■ Task
Find the line holding "TV Brown/Black 105209" in the entries below. Give it again exactly, along with every line after it up to and including the line holding "Monthly Crystal Packages- 5 Sizes!".

■ Information
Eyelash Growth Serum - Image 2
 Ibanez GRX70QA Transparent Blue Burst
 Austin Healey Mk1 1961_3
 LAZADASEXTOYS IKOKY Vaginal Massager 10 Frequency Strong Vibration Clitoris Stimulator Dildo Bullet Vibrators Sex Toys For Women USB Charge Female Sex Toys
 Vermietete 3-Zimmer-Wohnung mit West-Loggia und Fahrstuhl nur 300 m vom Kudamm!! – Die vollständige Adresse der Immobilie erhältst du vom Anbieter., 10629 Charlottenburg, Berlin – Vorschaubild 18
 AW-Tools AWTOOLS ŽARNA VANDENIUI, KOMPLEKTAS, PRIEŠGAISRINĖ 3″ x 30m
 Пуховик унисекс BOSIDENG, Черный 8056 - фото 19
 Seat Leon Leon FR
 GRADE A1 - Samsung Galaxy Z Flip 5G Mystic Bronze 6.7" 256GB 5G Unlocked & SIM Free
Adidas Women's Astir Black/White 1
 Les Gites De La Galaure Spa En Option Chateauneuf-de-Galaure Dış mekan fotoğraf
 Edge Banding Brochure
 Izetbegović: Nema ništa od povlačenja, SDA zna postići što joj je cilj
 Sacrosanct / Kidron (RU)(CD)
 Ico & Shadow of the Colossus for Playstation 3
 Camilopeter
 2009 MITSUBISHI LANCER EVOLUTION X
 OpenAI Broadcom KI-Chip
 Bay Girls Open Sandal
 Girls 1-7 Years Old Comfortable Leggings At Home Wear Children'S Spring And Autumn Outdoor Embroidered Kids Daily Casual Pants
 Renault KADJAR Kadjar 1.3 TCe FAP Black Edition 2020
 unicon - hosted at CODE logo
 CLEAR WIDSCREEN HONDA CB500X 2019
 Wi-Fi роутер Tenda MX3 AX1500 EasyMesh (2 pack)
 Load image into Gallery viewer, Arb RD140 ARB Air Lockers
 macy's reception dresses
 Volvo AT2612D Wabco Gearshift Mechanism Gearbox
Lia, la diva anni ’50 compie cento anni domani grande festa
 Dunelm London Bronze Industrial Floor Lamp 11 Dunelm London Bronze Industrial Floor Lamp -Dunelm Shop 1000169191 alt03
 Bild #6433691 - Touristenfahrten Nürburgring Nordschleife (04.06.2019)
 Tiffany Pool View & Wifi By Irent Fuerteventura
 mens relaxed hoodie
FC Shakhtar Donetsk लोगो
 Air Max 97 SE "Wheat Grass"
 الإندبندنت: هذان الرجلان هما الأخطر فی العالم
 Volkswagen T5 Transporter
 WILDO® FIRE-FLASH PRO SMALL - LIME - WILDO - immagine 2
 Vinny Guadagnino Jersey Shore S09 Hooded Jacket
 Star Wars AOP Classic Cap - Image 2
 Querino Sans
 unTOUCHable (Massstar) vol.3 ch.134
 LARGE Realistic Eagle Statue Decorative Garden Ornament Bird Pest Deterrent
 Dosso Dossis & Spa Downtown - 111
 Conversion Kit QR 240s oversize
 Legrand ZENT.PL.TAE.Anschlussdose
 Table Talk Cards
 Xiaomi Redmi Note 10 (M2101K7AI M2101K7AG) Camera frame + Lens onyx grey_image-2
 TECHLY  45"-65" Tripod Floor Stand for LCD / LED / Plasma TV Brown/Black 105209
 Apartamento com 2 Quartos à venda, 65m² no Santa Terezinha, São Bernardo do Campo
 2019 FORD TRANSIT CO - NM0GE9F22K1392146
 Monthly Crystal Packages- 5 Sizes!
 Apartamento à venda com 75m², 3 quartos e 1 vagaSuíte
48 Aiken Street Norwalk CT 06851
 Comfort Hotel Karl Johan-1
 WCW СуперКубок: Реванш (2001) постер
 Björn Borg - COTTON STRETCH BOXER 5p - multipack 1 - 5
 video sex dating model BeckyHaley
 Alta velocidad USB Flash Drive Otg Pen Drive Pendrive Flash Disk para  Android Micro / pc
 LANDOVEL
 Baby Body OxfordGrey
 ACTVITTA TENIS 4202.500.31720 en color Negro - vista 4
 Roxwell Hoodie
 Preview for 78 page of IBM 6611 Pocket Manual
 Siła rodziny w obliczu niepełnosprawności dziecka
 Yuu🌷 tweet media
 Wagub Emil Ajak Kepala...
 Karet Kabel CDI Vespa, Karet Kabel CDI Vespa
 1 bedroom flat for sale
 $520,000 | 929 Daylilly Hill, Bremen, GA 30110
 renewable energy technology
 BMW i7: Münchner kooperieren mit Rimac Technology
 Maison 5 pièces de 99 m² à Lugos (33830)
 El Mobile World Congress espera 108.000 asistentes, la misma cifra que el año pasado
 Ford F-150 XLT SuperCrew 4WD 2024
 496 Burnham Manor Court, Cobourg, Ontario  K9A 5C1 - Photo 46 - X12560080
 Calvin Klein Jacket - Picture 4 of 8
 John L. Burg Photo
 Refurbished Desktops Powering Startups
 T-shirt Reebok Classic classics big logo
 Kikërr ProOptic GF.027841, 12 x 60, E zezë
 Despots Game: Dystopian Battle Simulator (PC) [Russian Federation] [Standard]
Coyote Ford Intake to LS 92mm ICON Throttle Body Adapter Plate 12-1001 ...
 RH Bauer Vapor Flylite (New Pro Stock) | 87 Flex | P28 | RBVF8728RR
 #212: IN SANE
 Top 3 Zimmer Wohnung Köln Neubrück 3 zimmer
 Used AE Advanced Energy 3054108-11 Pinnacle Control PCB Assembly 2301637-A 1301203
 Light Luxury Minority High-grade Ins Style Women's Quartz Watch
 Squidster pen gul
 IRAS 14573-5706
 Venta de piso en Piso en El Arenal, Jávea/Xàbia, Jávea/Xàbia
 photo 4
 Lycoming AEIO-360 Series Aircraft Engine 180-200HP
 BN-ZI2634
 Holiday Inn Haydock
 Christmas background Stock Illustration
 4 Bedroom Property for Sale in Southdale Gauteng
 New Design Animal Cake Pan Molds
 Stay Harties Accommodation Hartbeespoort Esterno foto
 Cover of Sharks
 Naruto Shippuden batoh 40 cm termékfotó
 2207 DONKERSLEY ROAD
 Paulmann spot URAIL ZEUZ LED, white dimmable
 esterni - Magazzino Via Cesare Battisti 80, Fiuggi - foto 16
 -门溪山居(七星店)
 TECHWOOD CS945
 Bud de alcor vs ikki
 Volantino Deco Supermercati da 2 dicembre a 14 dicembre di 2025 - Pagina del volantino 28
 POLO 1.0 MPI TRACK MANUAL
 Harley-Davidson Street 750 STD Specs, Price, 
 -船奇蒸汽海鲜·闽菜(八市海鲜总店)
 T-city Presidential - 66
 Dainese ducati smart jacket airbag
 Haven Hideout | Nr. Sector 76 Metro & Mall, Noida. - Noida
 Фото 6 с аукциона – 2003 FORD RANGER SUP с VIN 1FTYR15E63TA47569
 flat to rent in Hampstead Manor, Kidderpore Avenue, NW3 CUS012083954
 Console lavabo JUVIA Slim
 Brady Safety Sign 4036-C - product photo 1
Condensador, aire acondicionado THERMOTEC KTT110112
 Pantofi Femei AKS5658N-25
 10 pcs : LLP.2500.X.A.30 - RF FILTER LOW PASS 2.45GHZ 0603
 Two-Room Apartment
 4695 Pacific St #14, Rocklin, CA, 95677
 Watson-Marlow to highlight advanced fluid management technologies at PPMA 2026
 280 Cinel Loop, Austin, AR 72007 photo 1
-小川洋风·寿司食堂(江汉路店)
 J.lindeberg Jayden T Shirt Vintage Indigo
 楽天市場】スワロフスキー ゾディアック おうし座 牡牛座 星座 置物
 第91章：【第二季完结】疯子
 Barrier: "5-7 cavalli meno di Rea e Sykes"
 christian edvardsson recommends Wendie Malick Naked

■ Task output
 TECHLY  45"-65" Tripod Floor Stand for LCD / LED / Plasma TV Brown/Black 105209
 Apartamento com 2 Quartos à venda, 65m² no Santa Terezinha, São Bernardo do Campo
 2019 FORD TRANSIT CO - NM0GE9F22K1392146
 Monthly Crystal Packages- 5 Sizes!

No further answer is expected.